I know I am losing readers at this point, but there is worse to come. In a virtuoso performance in 1971, Sir James Mirrlees, who received the Nobel Prize for his ability to disentangle these sorts of problems, used complex mathematics to determine the ideal rate structures for income tax. His most paradoxical result was that you would want to have the lowest marginal tax rates on the very richest people – the people whom you could also expect to face the highest average rates.

This analysis seems exotic and abstruse. But it had a clear and beneficial effect on practical tax policies. Politicians and their advisers came to realise that because correct and careful analysis of tax structures was too difficult for sound-bites, much of the complexity they themselves had introduced was self-defeating.

During the 1980s, there was a move towards radical simplification of tax structures.

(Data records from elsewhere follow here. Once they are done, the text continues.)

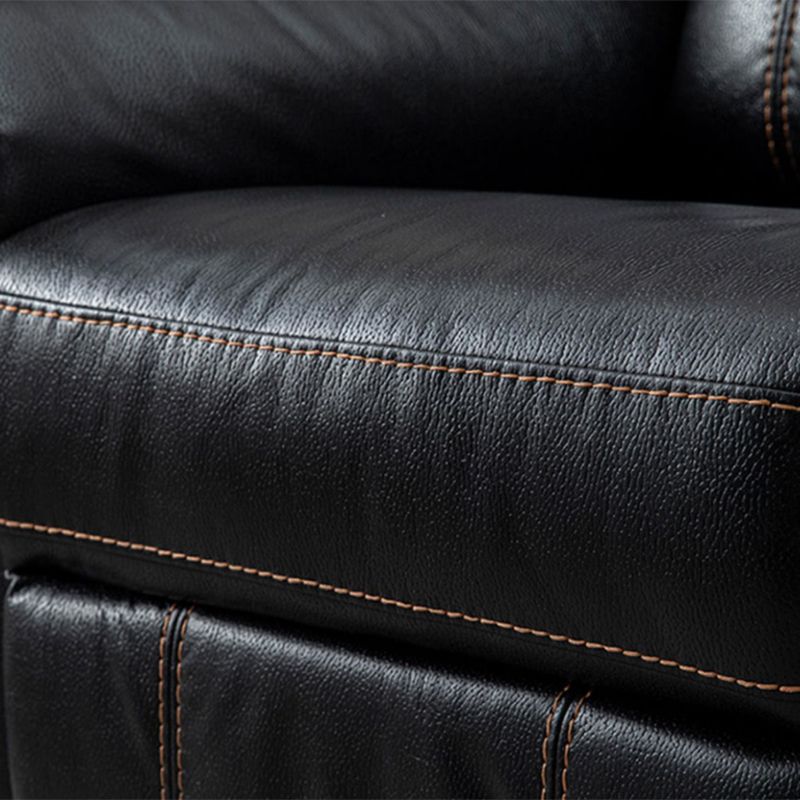 Contemporary Home Theater Recliner No Motion Manual-Push Botton Indoor Clearhalo 'Chairs & Seating' 'furn' 'furn_recliners' 'Furniture' 'Living Room Furniture' 'Recliners' 1200x1200_4392c7fd-7823-4a8f-ab3f-df15f56a3c20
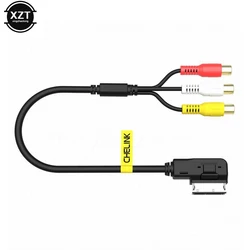 Adaptador Cable Auxiliar AUX VW Audi AMI MMI para coche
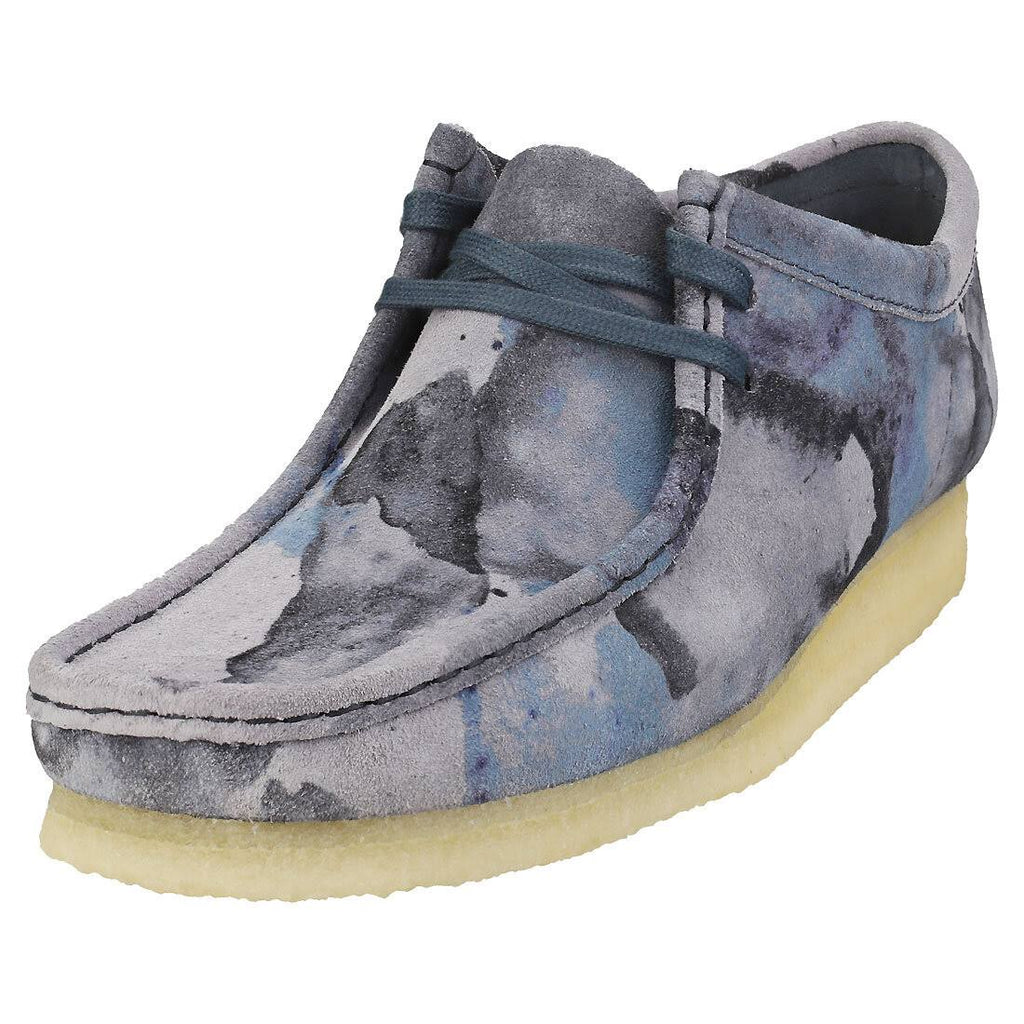 Blue Camo Wallabee Shoes I80287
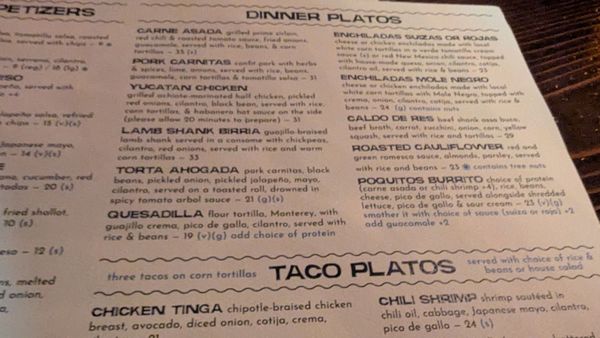 Menu photo 8 Poquitos Seattle, WA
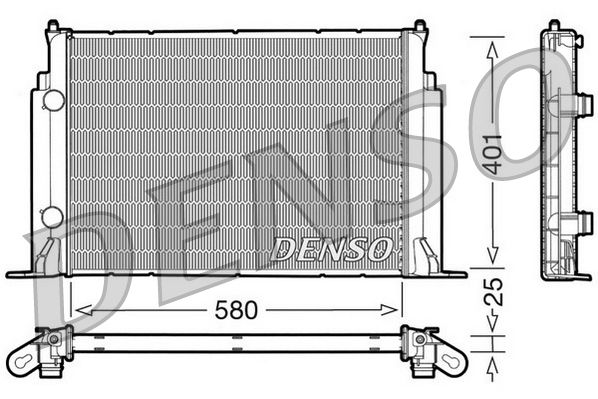 Denso Radiator DRM09122 - image 2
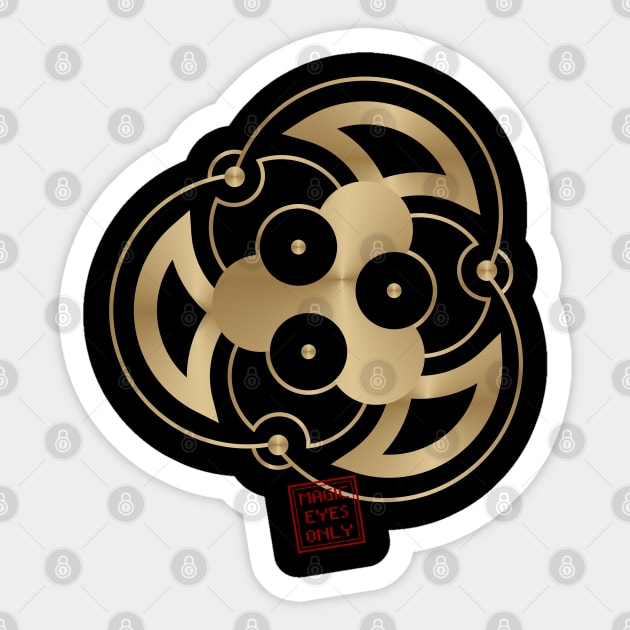 Crop circle 136 Sticker by MagicEyeOnly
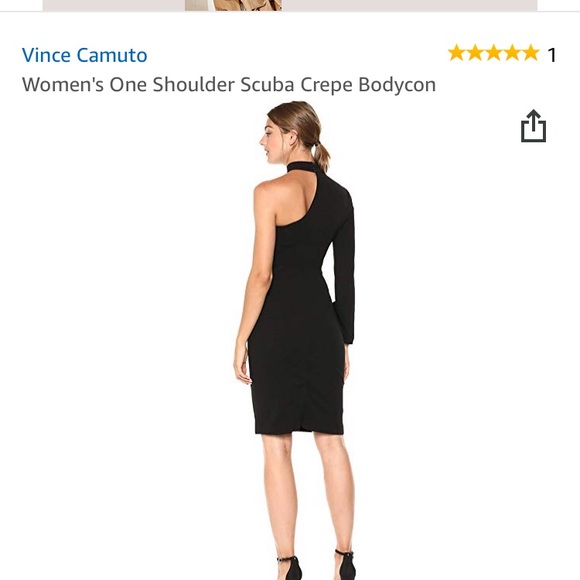 Vince Camuto One Shoulder. Size L - Picture 2 of 3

Allowances and exemptions were rolled back and complex rate structures simplified. In 1975, Britain had 10 different income tax rates, with a top rate of 83 per cent; the US had 25 different rates, rising to 72 per cent; Italy 32 different rates, also rising to 72 per cent; and Japan 19 different rates, going up to 70 per cent. By 1990 there were two rates in Britain, three in the US, seven in Italy and five in Japan. In none of these countries was the top rate above 50 per cent. These are only examples of a worldwide trend.

Politicians grasped the futility of careful fine-tuning of tax structures to achieve complex social objectives. Mr Hain may be representative of a new generation of politicians too young to have learnt this. But the overwhelming message of history for tax policy is: keep it simple, stupid.